*Source records:*
────────────────
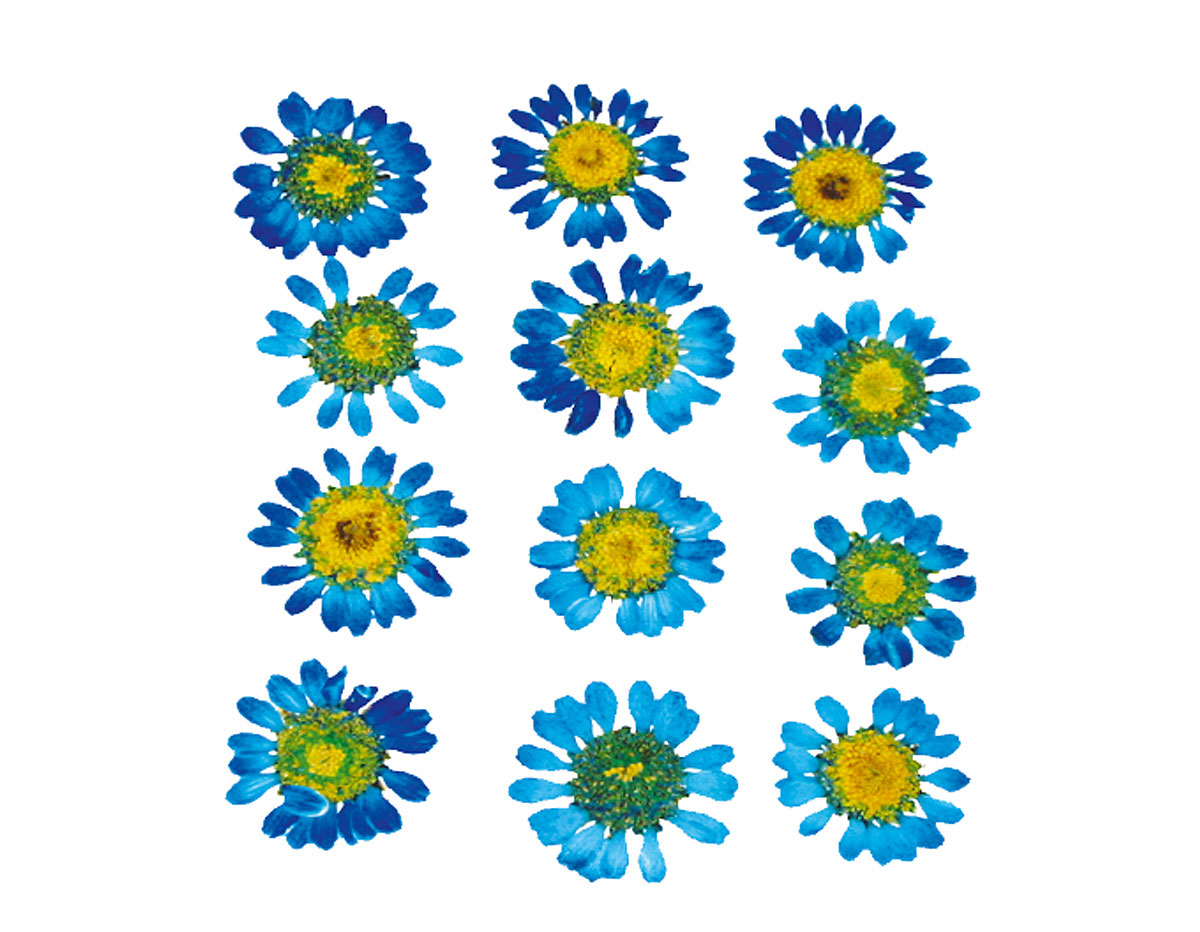 1910 Flor seca prensada mini chrysanthemum azul Innspiro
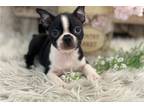 Boston Terrier Puppy for sale in Fort Wayne, IN, USA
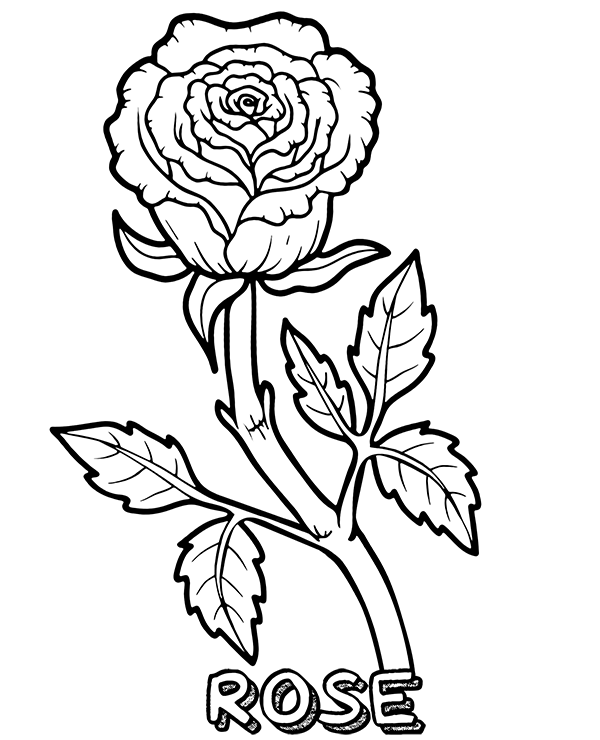 Rose coloring page to print flower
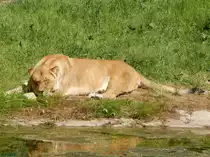 L�we im Rostocker Zoo am 02.06.2016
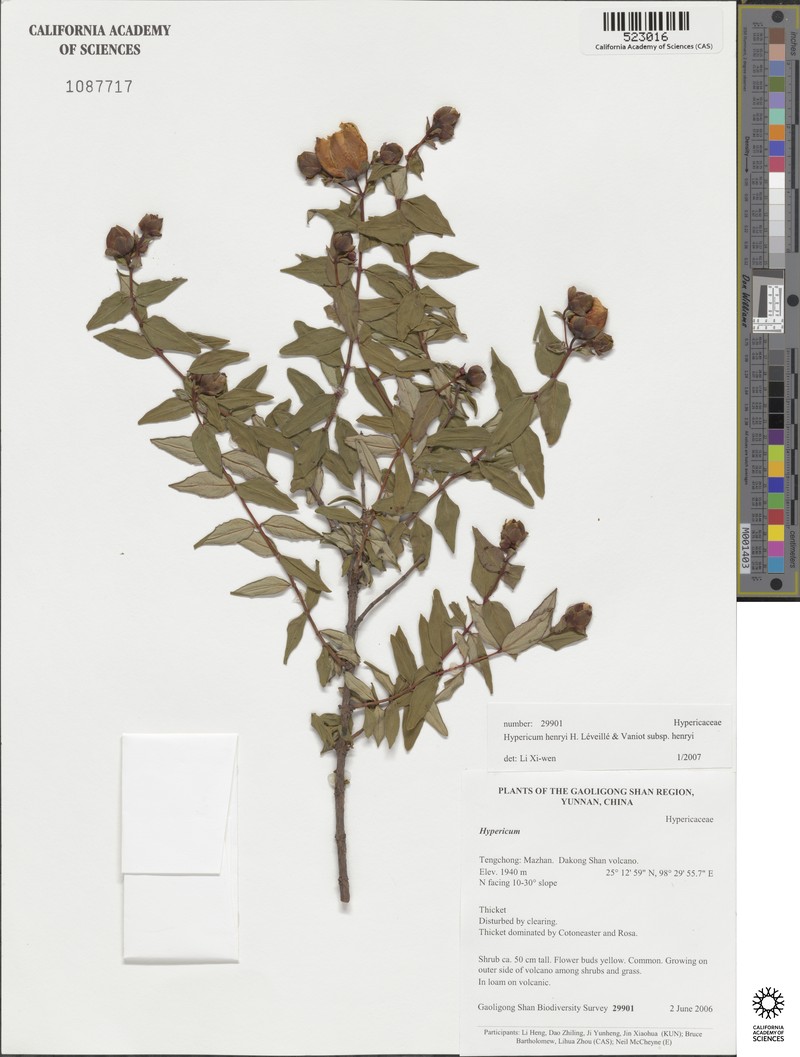 Hypericum henryi subsp. henryi photo 6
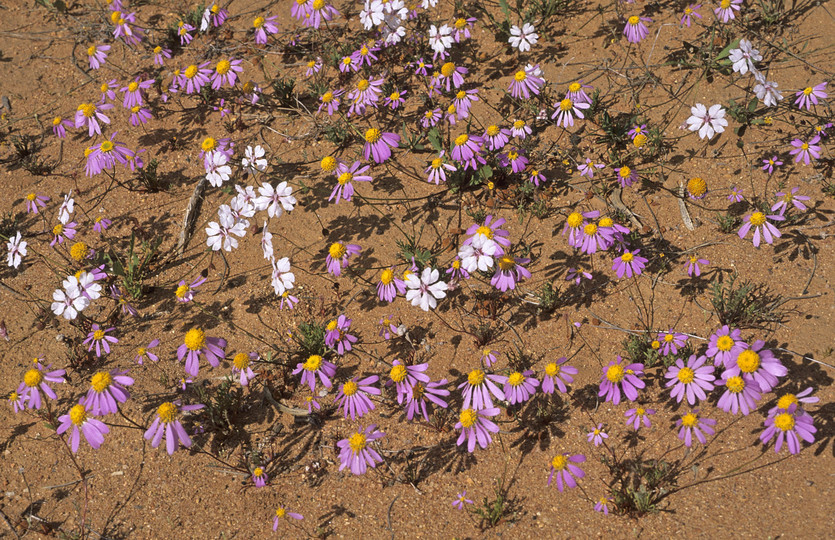 Brachyscome iberidifolia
────────────────
*Task to carry out:* Starting at the line that contains "Hypericum henryi subsp. henryi photo 6", transcribe every line through the end of the listing exactly, including both end lines and excluding pictures.

*Solution for this exercise:*
 Hypericum henryi subsp. henryi photo 6
 Brachyscome iberidifolia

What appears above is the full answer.